**WHAT YOU HAVE TO DO**. What you return should match every record exactly, with the images removed.

**ENTRIES SUPPLIED**.

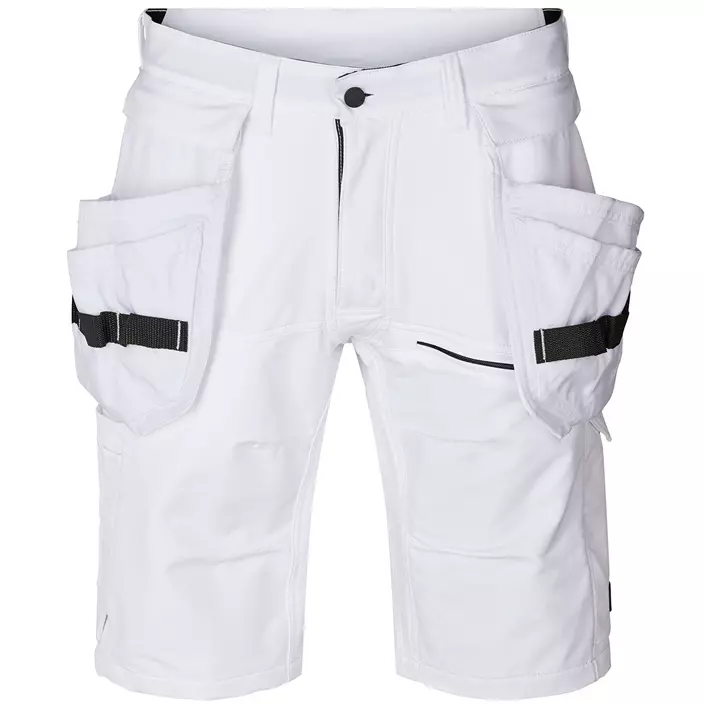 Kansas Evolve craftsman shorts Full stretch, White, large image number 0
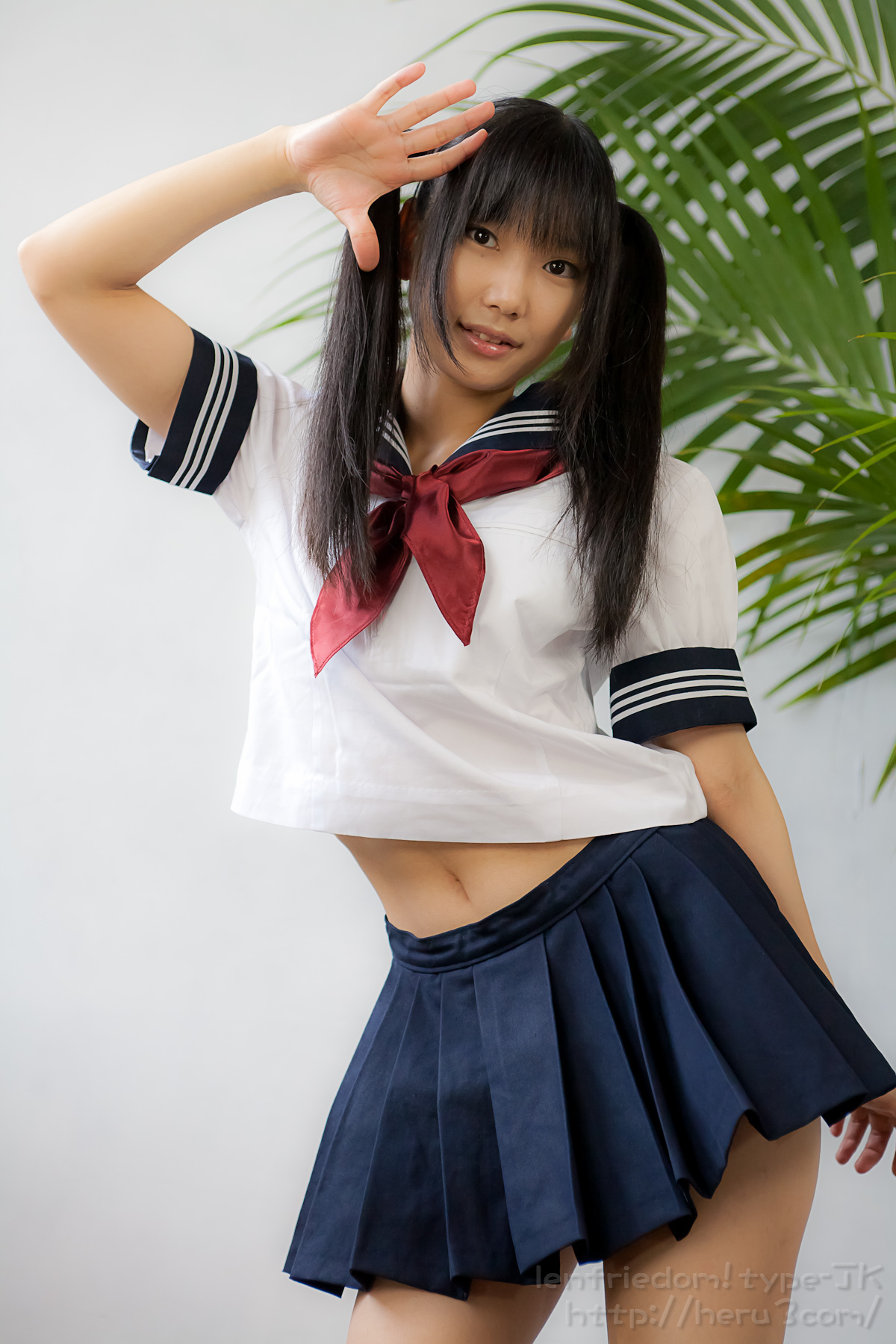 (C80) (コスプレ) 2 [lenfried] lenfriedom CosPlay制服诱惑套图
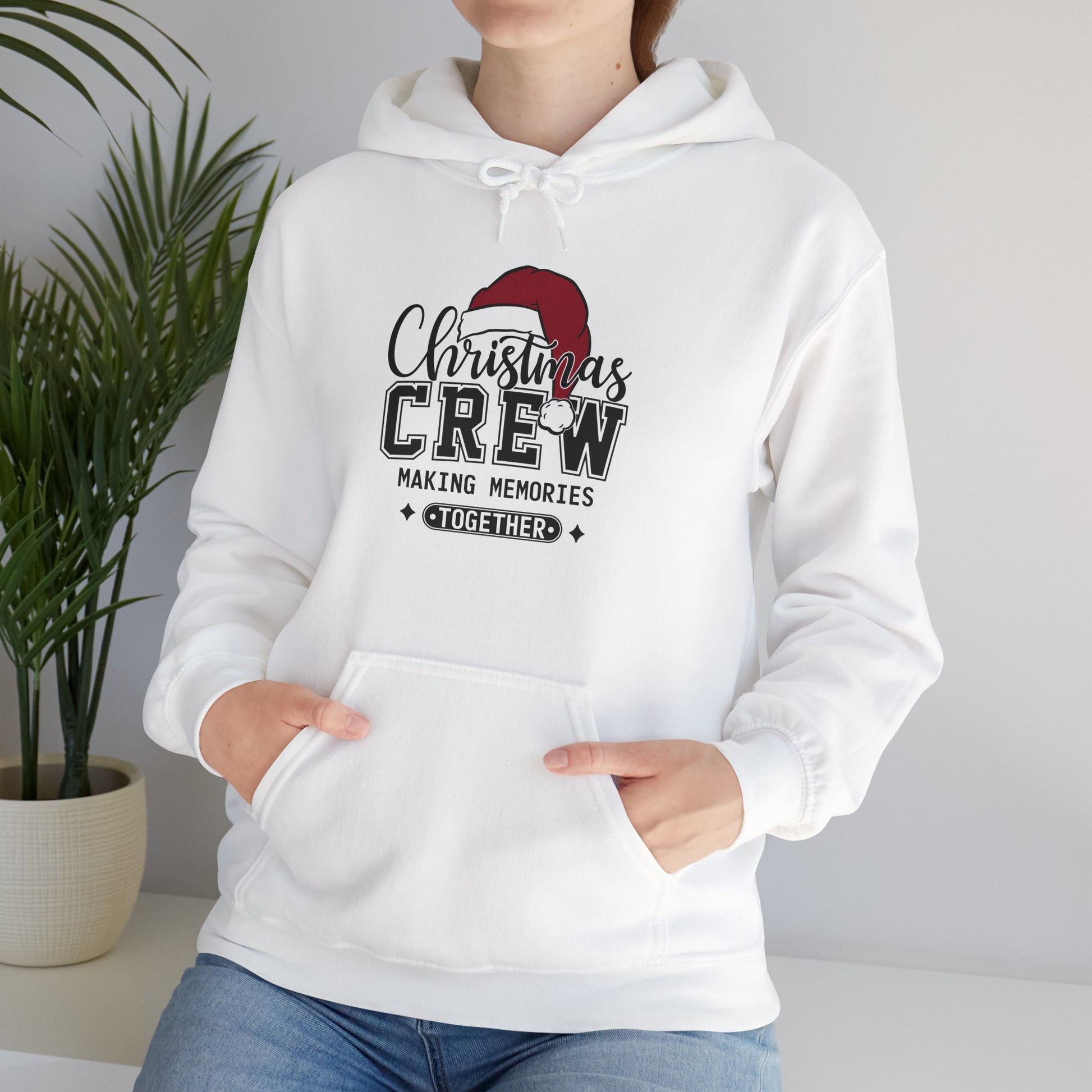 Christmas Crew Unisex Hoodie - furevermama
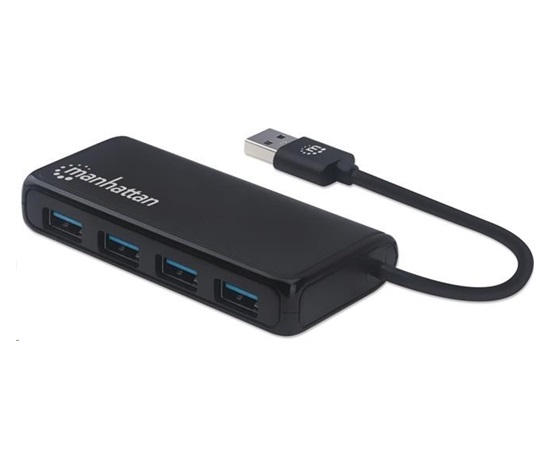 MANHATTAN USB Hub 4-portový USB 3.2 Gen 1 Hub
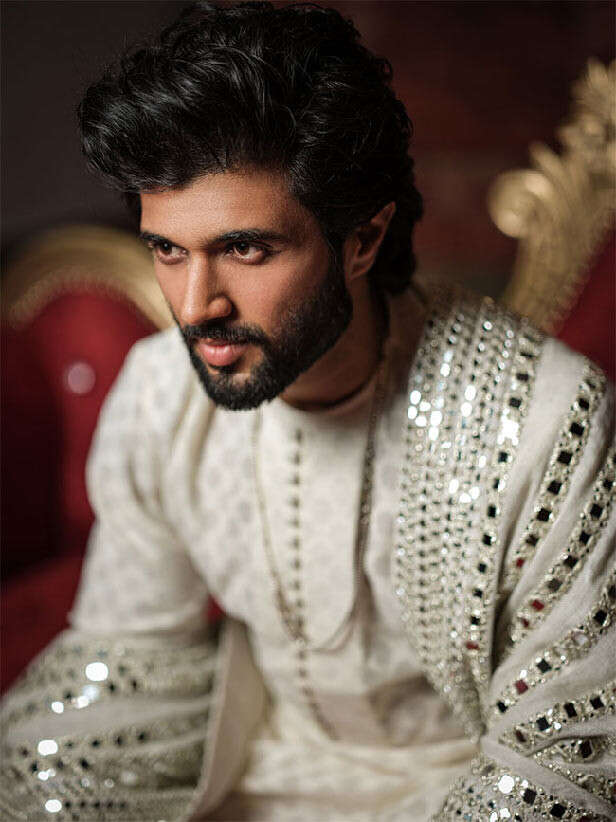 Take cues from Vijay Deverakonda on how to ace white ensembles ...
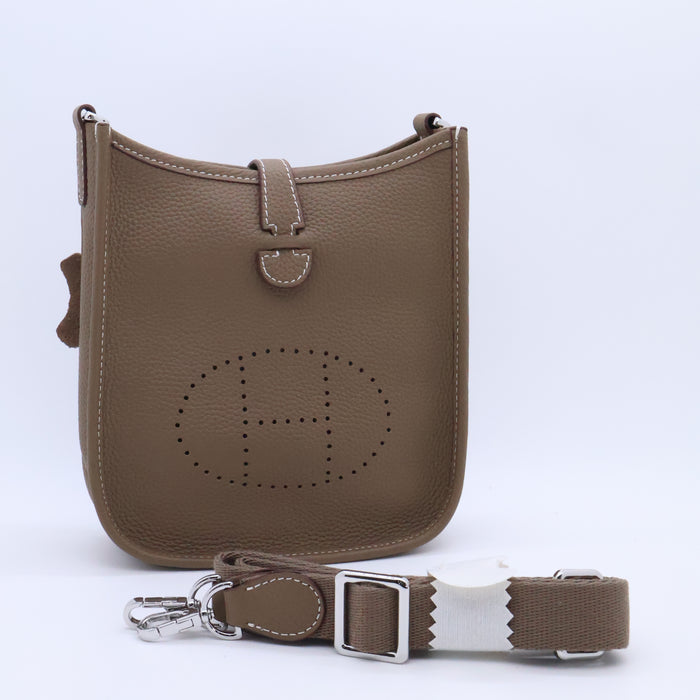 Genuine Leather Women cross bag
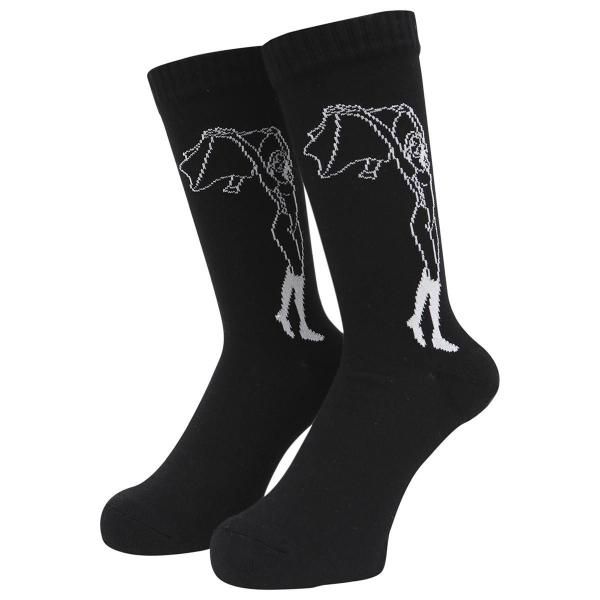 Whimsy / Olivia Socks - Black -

**RESULT**.
 Kansas Evolve craftsman shorts Full stretch, White, large image number 0
 (C80) (コスプレ) 2 [lenfried] lenfriedom CosPlay制服诱惑套图
 Christmas Crew Unisex Hoodie - furevermama
 MANHATTAN USB Hub 4-portový USB 3.2 Gen 1 Hub
 Take cues from Vijay Deverakonda on how to ace white ensembles ...
 Genuine Leather Women cross bag
 Whimsy / Olivia Socks - Black -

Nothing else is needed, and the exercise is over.